Dans les colonnes du quotidien Le Monde, édition du 8 décembre 2012, Bolloré lui-même reconnait que ses méthodes de travail relèvent « plutôt du commando que de l’armée régulière ». Bravo pour l’honnêteté ! Il ne pouvait en être autrement pour un groupe qui compte des anciens ministres et anciens agents du renseignement parmi ses salariés.

 Fidèles à cette logique commando, les émissaires du groupe Bolloré vont à la rencontre des gestionnaires de marchés et leur font toutes sortes de promesses pour remporter les appels d’offres. Depuis la mise en examen du milliardaire breton, les langues se délient dans ce sens. Le 27 avril 2018, sur les antennes de Radio France internationale, l’ancien président du patronat guinéen a fait des révélations troublantes. Mamadou Sylla a commencé par fixer l’opinion, en rappelant que les faits remontent à 2007 (période de mise en concession du port de Conakry qui fait grand bruit aujourd’hui). Selon ses dires, l’homme d’affaires guinéen a été approché par les mandataires de Vincent Bolloré qui souhaitaient obtenir le port de Conakry sans appel d’offres. « J’ai déjeuné même avec eux, chez moi, au cinquième étage ici. Donc, ils m’ont demandé d’avoir le port pour un franc symbolique. J’ai dit que je n’avais pas la qualité pour donner le port, pas moi, je ne pouvais pas le donner ». Visiblement satisfait par la mise en examen de Bolloré, Mamadou Sylla a annoncé sa disponibilité à collaborer avec la justice pour que la vérité sur les conditions d’attribution du port de Conakry éclate et que les coupables soient punis.

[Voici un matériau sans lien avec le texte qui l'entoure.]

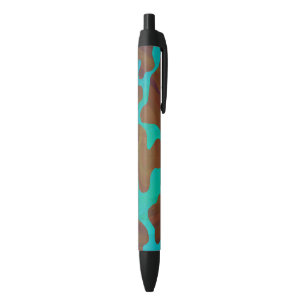 Koe bruin en Blauwgroen afdrukken Zwarte Inkt Pen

Tenter de corrompre les « agents publics étrangers » semble une méthode bien à la mode chez Bolloré. La pratique semble également avoir été utilisée en Côte d’Ivoire, lors de la mise en concession du second Terminal du port d’Abidjan. « En 2004, quand je critiquais vivement le contrat sur le premier terminal [du Port d’Abidjan], j’avais été approché par quelqu’un du groupe Bolloré. Cette personne m’avait fait des propositions pour que je révise ma position, mais je n’avais pas cédé», révèle encore Jean-Louis Billon. « Je me demande pourquoi, chaque fois qu’on arrive sous les tropiques, on se permet ce qu’on ne ferait jamais chez soi», fulmine ce dernier.

 

  De la Françafrique au capitalisme attrape-tout

En 32 ans de présence africaine, le Groupe Bolloré ne s’est pas seulement comporté en digne héritier de la Françafrique. Il est allé au-delà du pré carré français qui rassemble les anciennes colonies pour s’établir dans les pays anglophones, notamment au port de Tenma au Ghana, de Lagos au Nigeria ou encore dans les plantations au Libéria, au Kenya… Outre les clôtures linguistiques, Vincent Bolloré renverse toutes les barrières idéologiques sur son passage. Il est aussi bien reçu par les libéraux Paul Biya, Abdoulaye Wade que par les membres de l’International socialiste comme Laurent Gbagbo ou Alpha Condé. Un vrai capitaliste attrape-tout.

Rappelons que le groupe Bolloré tire 25% de ses bénéfices de l’Afrique. Un chiffre appelé à augmenter substantiellement avec la ruée des Africains vers les produits Canal+, l’autre marque du Groupe, spécialisée dans la commercialisation des contenus radio et télé. Canal+ compte déjà 2 millions d’abonnés en Afrique.